(Brief descriptive captions)
☆ ☆ ☆ ☆ ☆
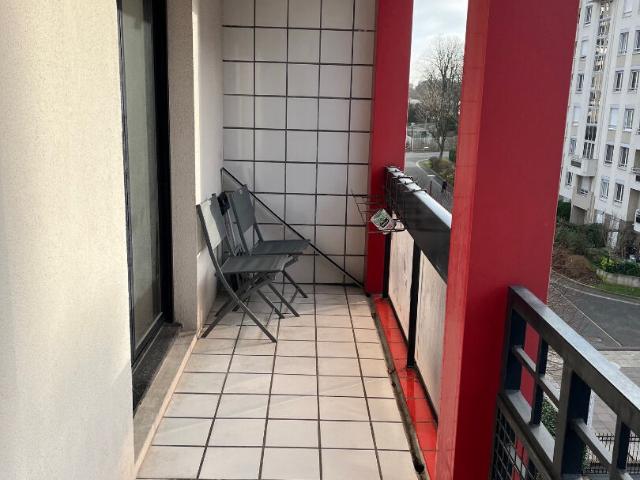 Appartement Issy Les Moulineaux 4 pièce s 105 m2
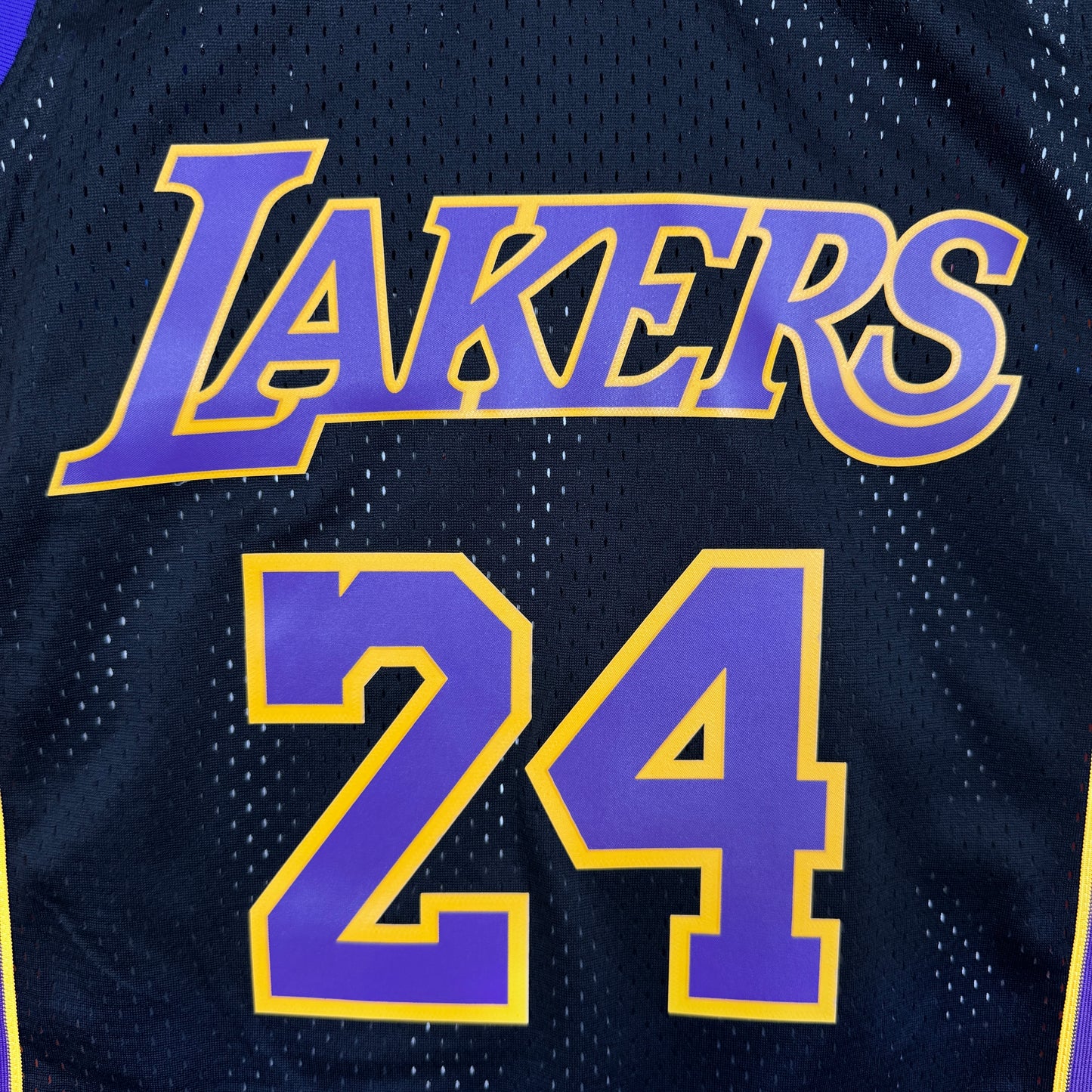 NBA&NFL&MLB 2009/2010 Football Jersey
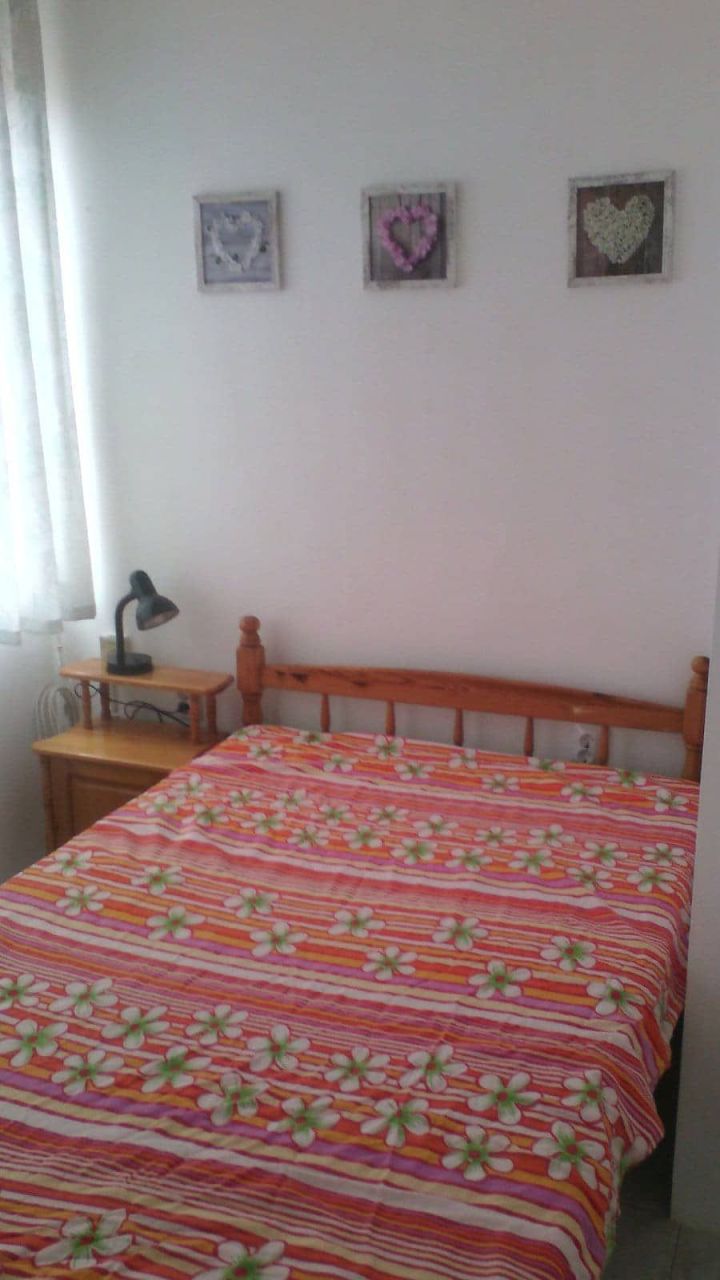 Piso en Varna, Bulgaria, 115 m² - imagen 4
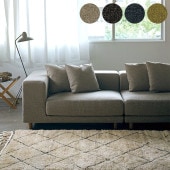 SIEVE ������ snug���ʥ� ��˥åȥ��ե� ��ɪ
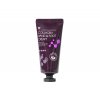 Hand & Foot Cream Collagen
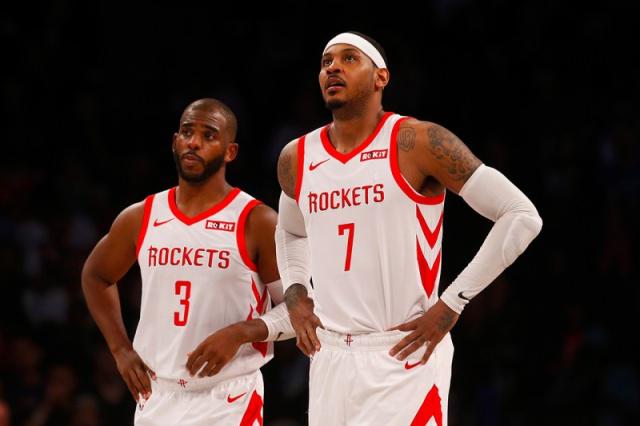 发点的把握 发点的把握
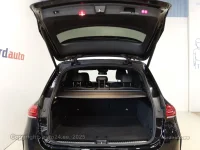 Mercedes-Benz GLE350 AMG 2.9 200kW thumbnail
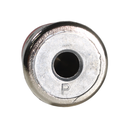 Ver imagem 5 de Pinos para Panelas de Pressão Clock Original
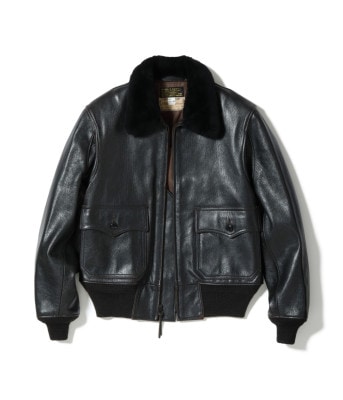 A*E様 ALL STATE実名復刻！東洋エンタープライズ 黒白 Dポケット ラ 検索結果 - TOYO ENTERPRISE ONLINE STORE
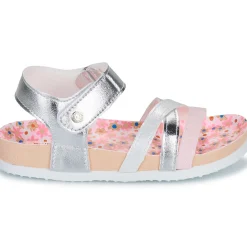 Gioseppo Sandales Et Nu-pieds^- HOULTON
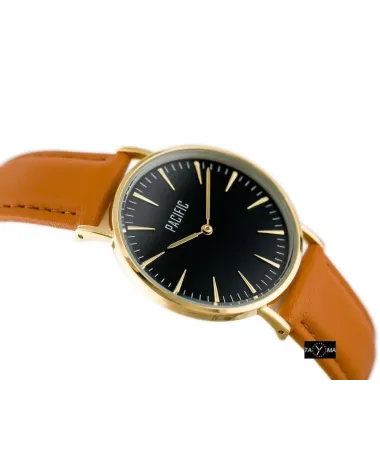 ZEGAREK DAMSKI PACIFIC CLOSE - komplet prezentowy (zy590i)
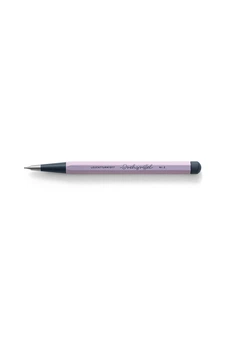 Механический карандаш Leuchtturm1917 Drehgriffel Nr. 2 Lilac (368267)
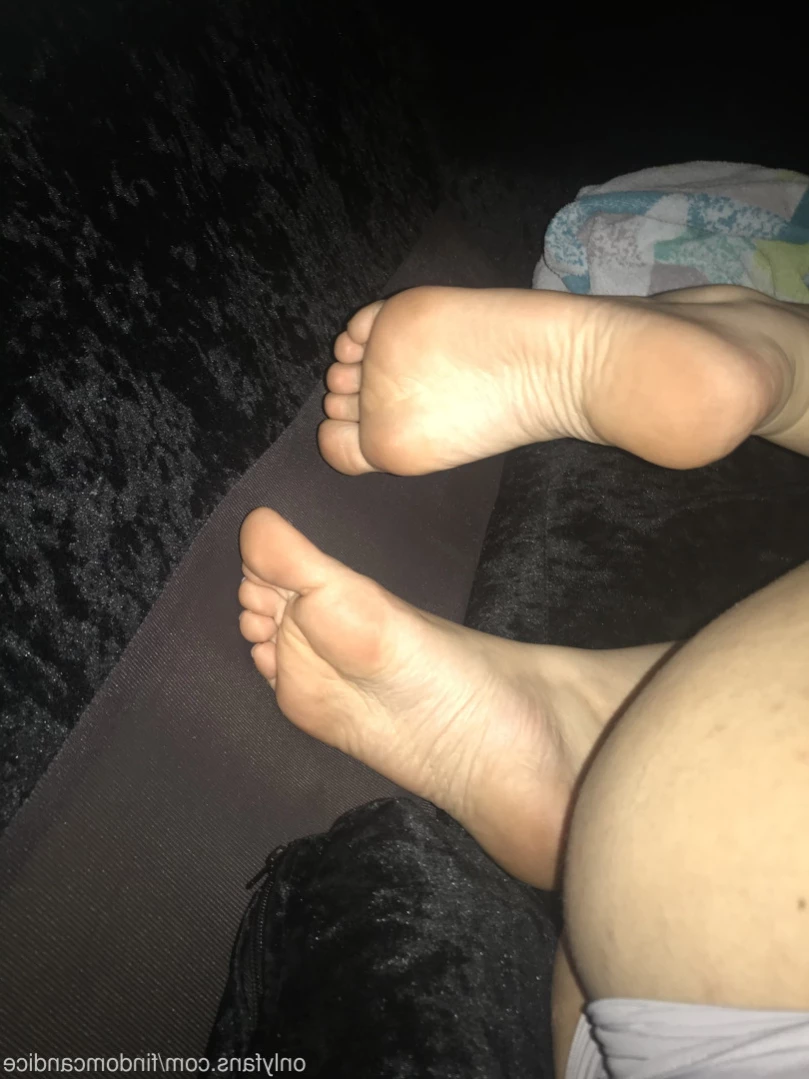 Candice [ findomcandice ] Onlyfans leaked photo 13398129 on Hotleaks.tv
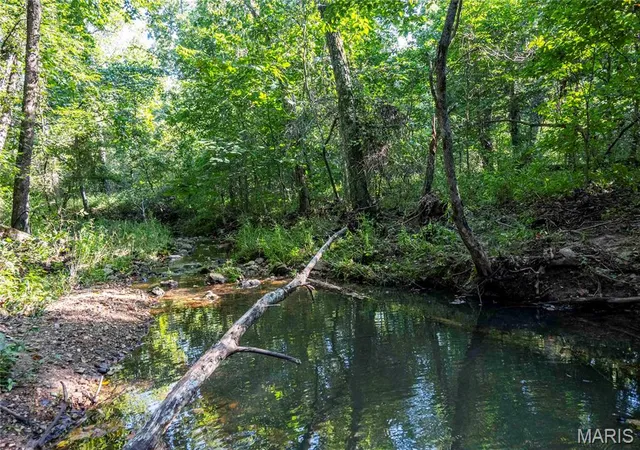Photo 3 of Land for sale at 00 Leweke Ln, Hermann, MO 65041 | MLS# MIS26054581 | Listing updated on 2026-08-24
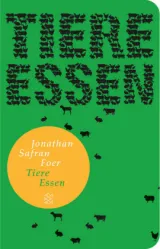 978-3-596-51285-0;Foer-Tiere essen.jpg - Bild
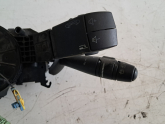 Oto Çıkma Parça / Renault / Laguna / Elektrik / Sinyal Kolu / Çıkma Parça 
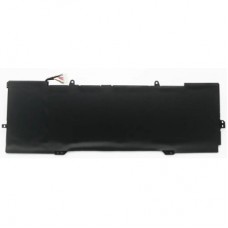 Акумулятор для ноутбука HP Spectrex360 15-CH YB06XL, 7280 mAh (84.08Wh), 6cell, 11.55V, Li-ion (A47739) - Фото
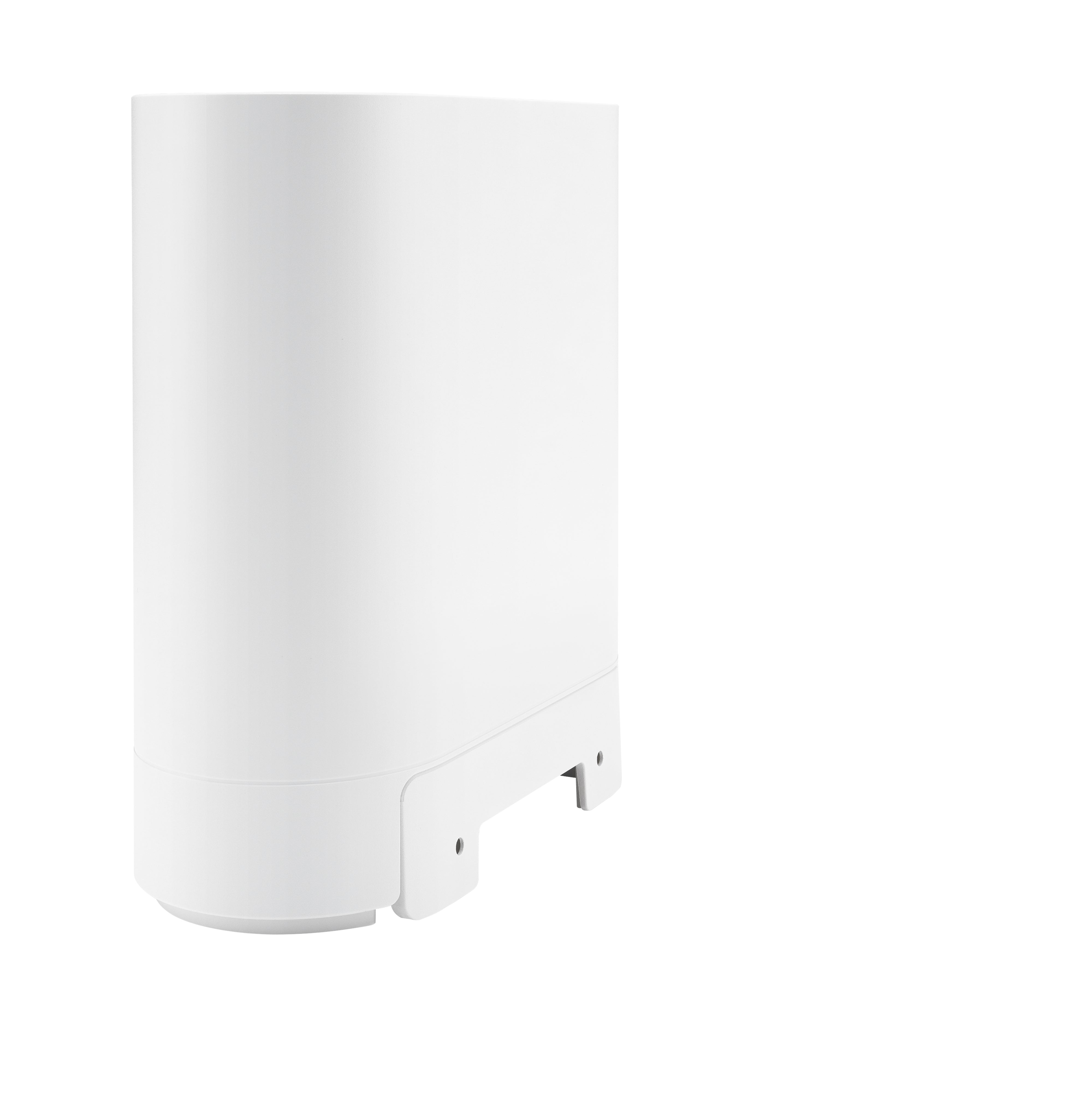 ASUS Expert Wifi Ebm68 – Mesh-System, Wi-Fi 6, Tri-Band (2,4/5/5 GHz), bis 4804 Mbit/s, 2er-Set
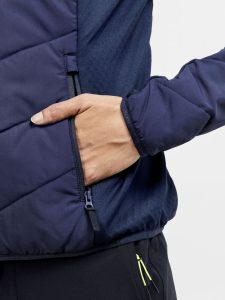 1911001-396000_ADV2020Explore20Hybrid20Jacket20W_Closeup4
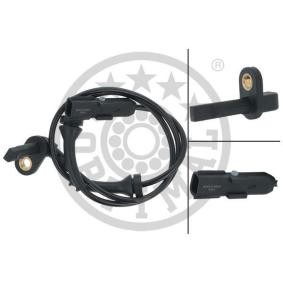 ABS-Sensor von OPTIMAL
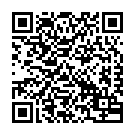 C&oacute;digo QR con el enlace al titular Dos cantaores muy populares participan en el Festival Flamenco 'Ciudad de LeÃ³n'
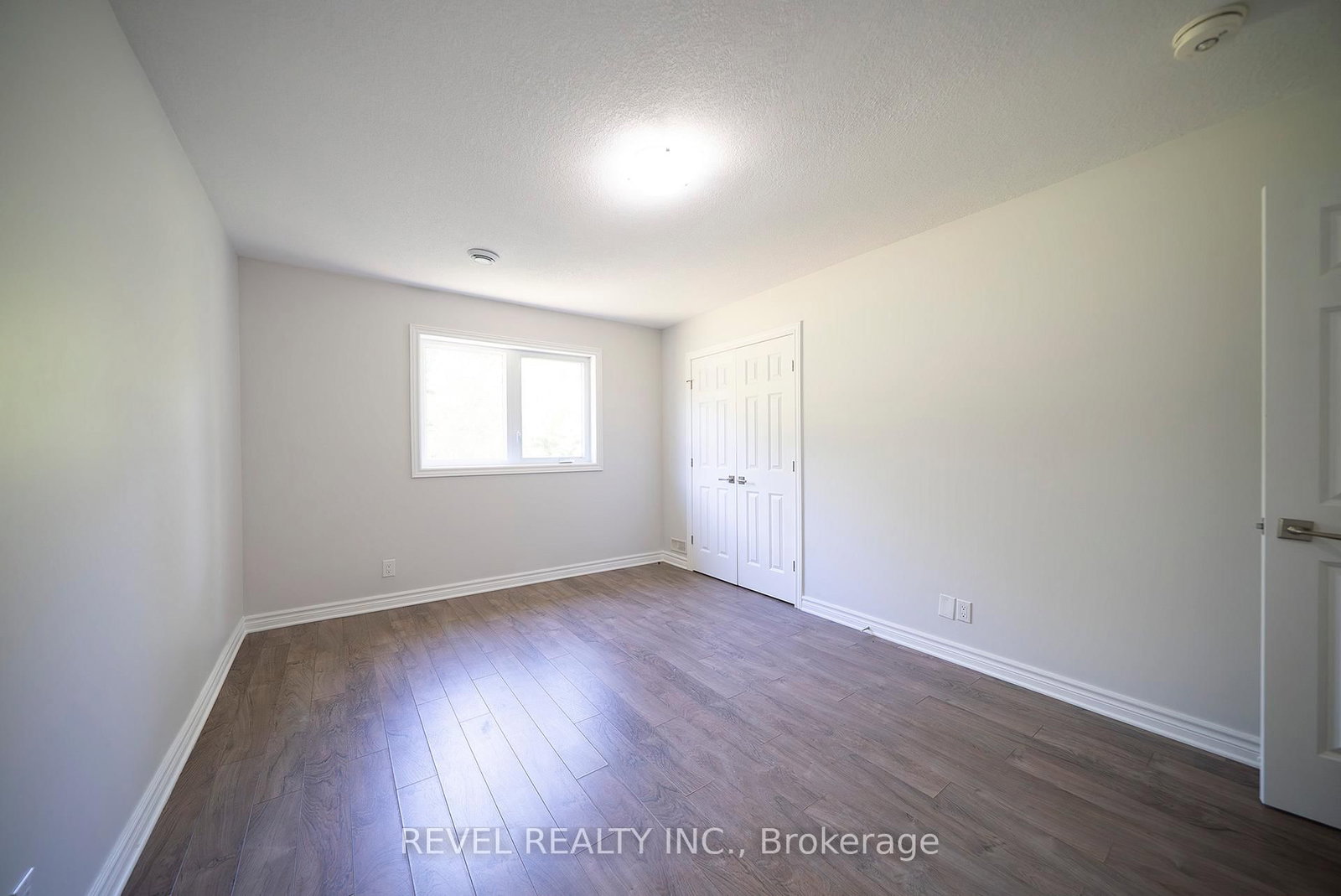 1521 Windham Road 19 • Norfolk, ON photo 27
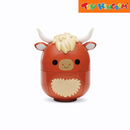 BLDR Original Squishmallows Squishbrick Series 1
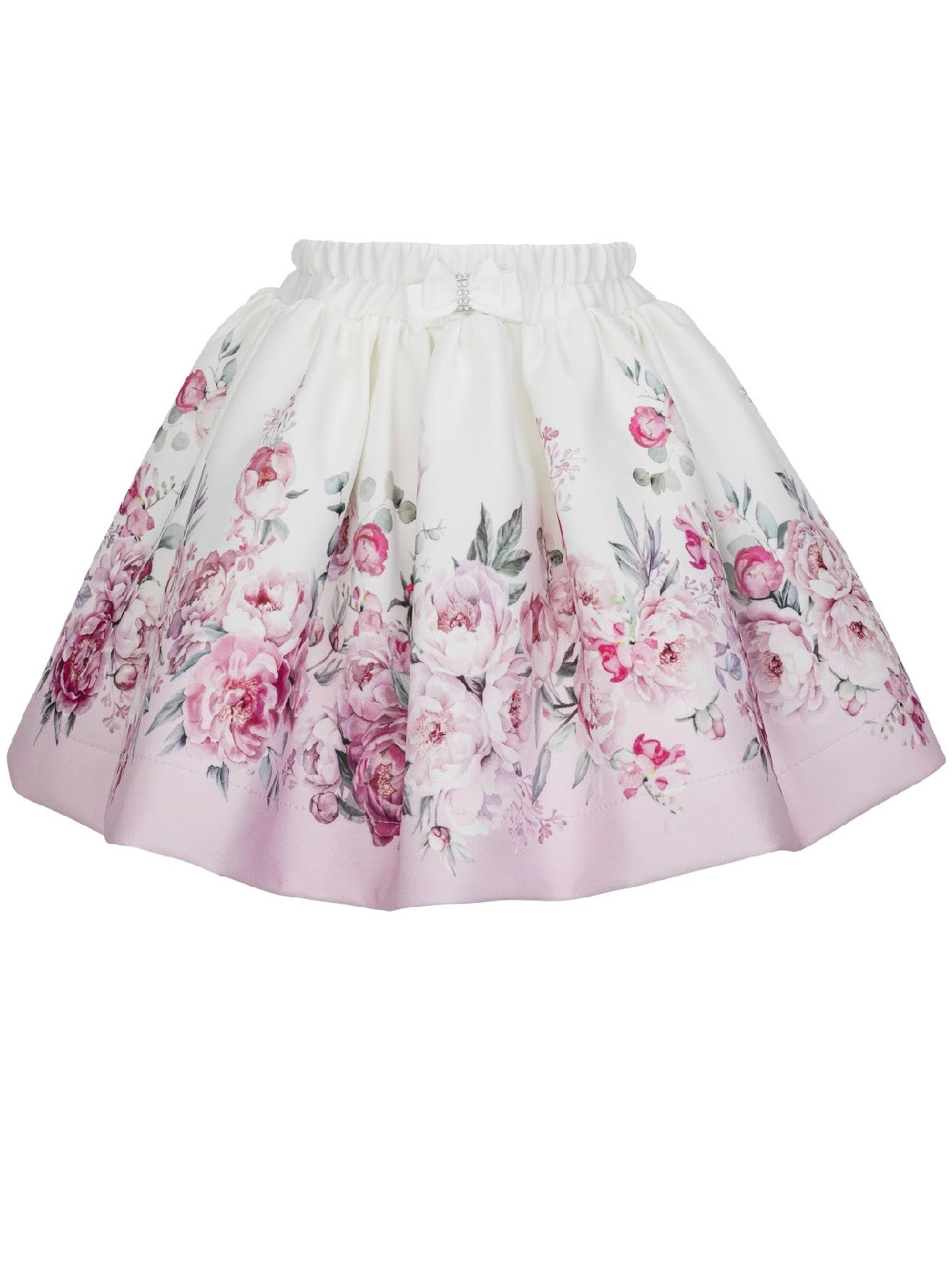 Rok Daga Rose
☆ ☆ ☆ ☆ ☆
[Problem statement]
The required output is the lines from the one containing "Акумулятор для ноутбука" through the end of the data, printed exactly, with no pictures.

[Solution to this exercise]
 Акумулятор для ноутбука HP Spectrex360 15-CH YB06XL, 7280 mAh (84.08Wh), 6cell, 11.55V, Li-ion (A47739) - Фото
 ASUS Expert Wifi Ebm68 – Mesh-System, Wi-Fi 6, Tri-Band (2,4/5/5 GHz), bis 4804 Mbit/s, 2er-Set
 1911001-396000_ADV2020Explore20Hybrid20Jacket20W_Closeup4
 ABS-Sensor von OPTIMAL
 C&oacute;digo QR con el enlace al titular Dos cantaores muy populares participan en el Festival Flamenco 'Ciudad de LeÃ³n'
 1521 Windham Road 19 • Norfolk, ON photo 27
 BLDR Original Squishmallows Squishbrick Series 1
 Rok Daga Rose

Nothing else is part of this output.